====== RECORDS PROVIDED ======

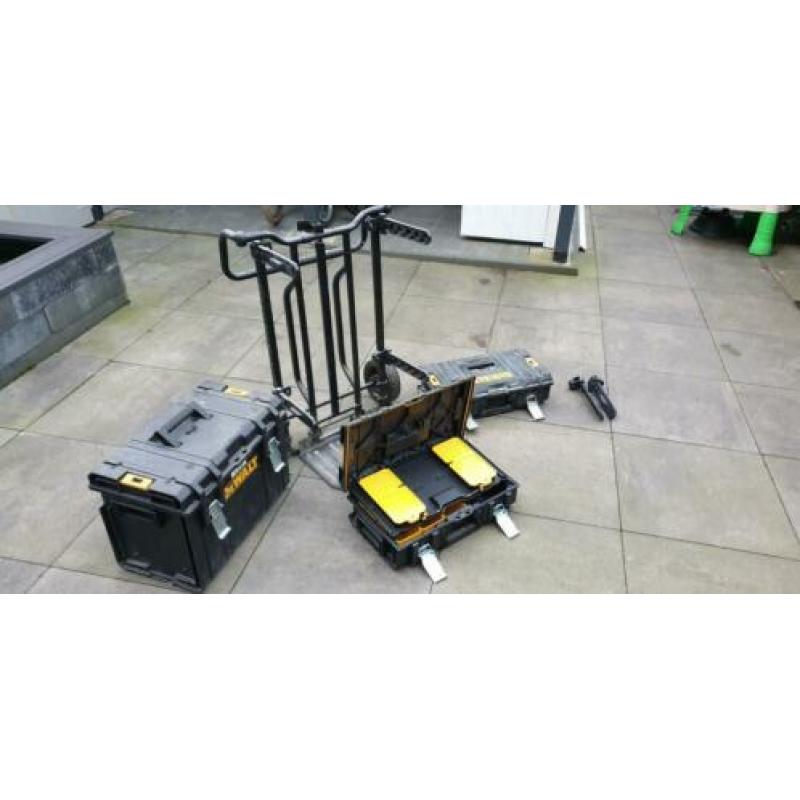 Gereedschaps trolley / wagen Dewalt inclusief 3 systainers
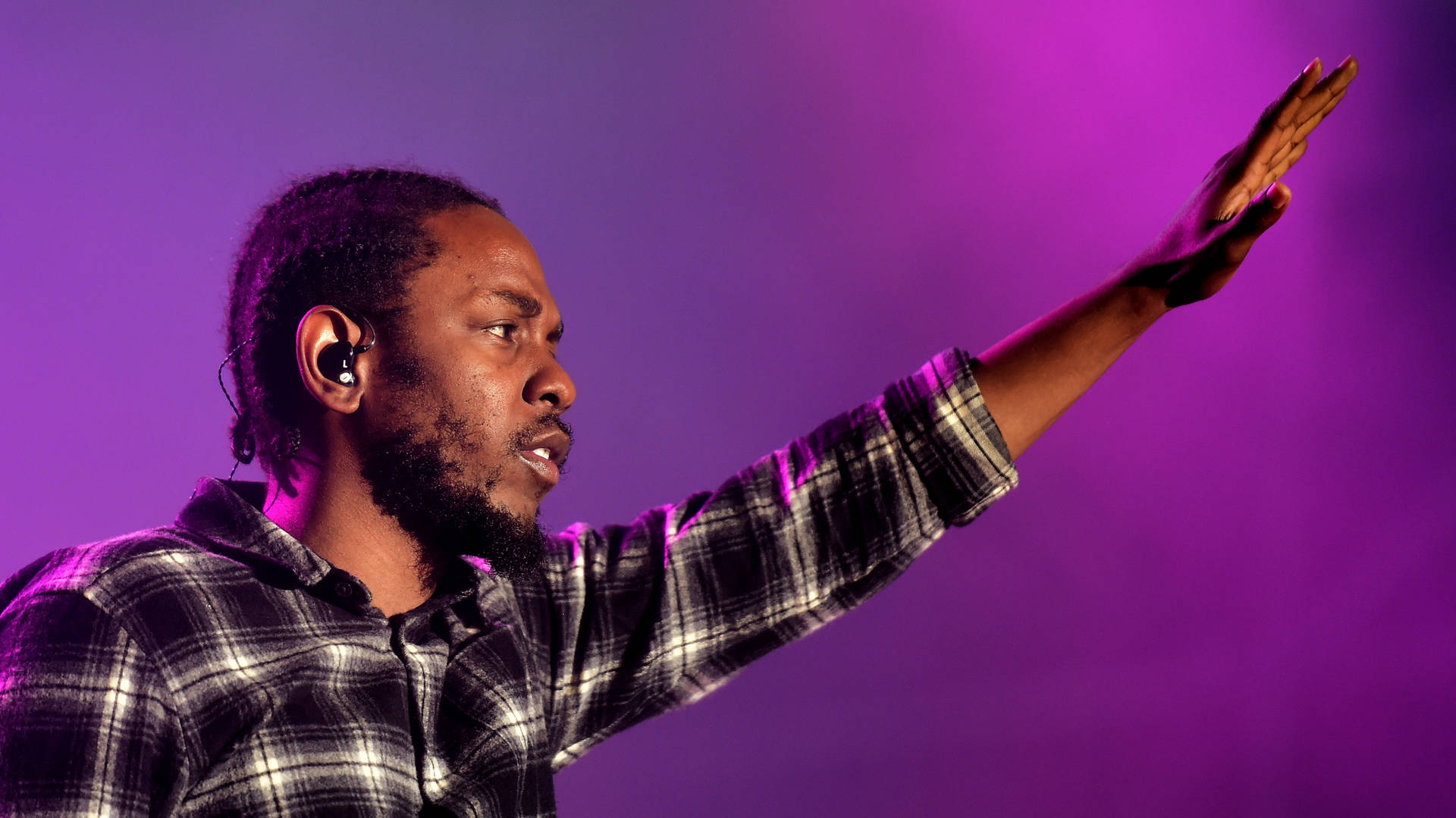 Kendrick Lamar Waving Hand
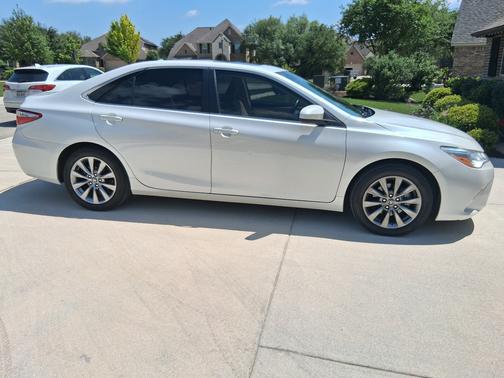 White 2017 Toyota Camry XLE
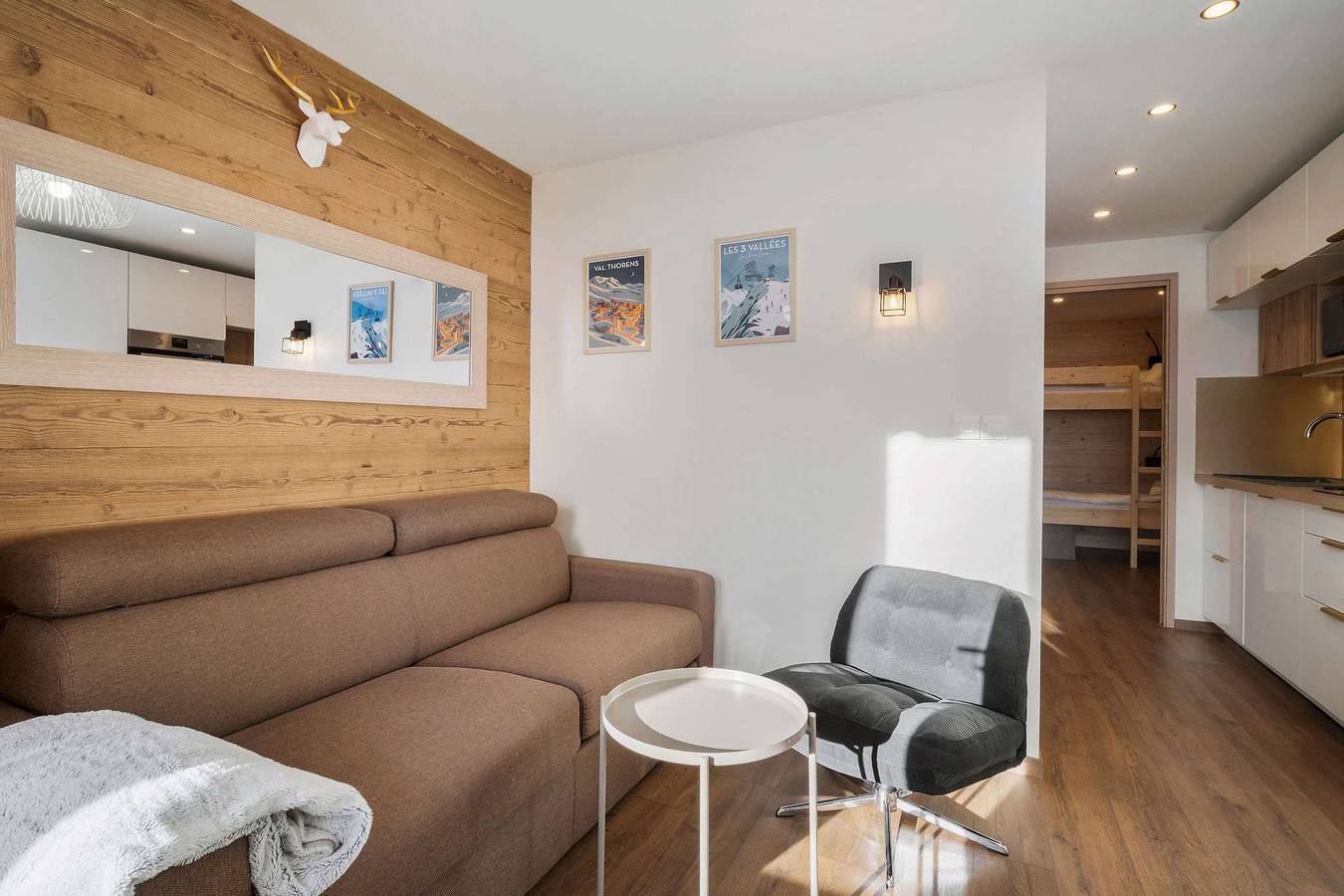 Entire apartment, Ski-In/Ski-Out with Mountain Views in Val Thorens, Les Trois Vallées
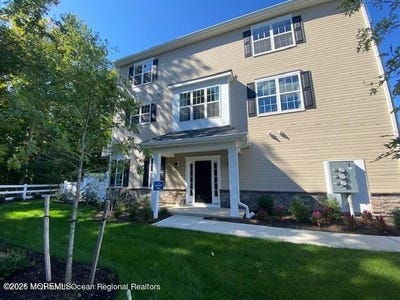 /international/us/2601-evans-lane-middletown-nj-110108449533/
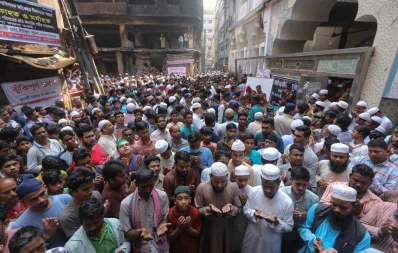 Muslims praying at Chawkbazar area of Dhaka on February 2019 Rajib Dhar/Dhaka Tribune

======

- [ABOUT THIS TASK]
The output is to be the material in full and unaltered, with pictures omitted.

- [TASK ANSWER]
 Gereedschaps trolley / wagen Dewalt inclusief 3 systainers
 Kendrick Lamar Waving Hand
 White 2017 Toyota Camry XLE
 Entire apartment, Ski-In/Ski-Out with Mountain Views in Val Thorens, Les Trois Vallées
 /international/us/2601-evans-lane-middletown-nj-110108449533/
 Muslims praying at Chawkbazar area of Dhaka on February 2019 Rajib Dhar/Dhaka Tribune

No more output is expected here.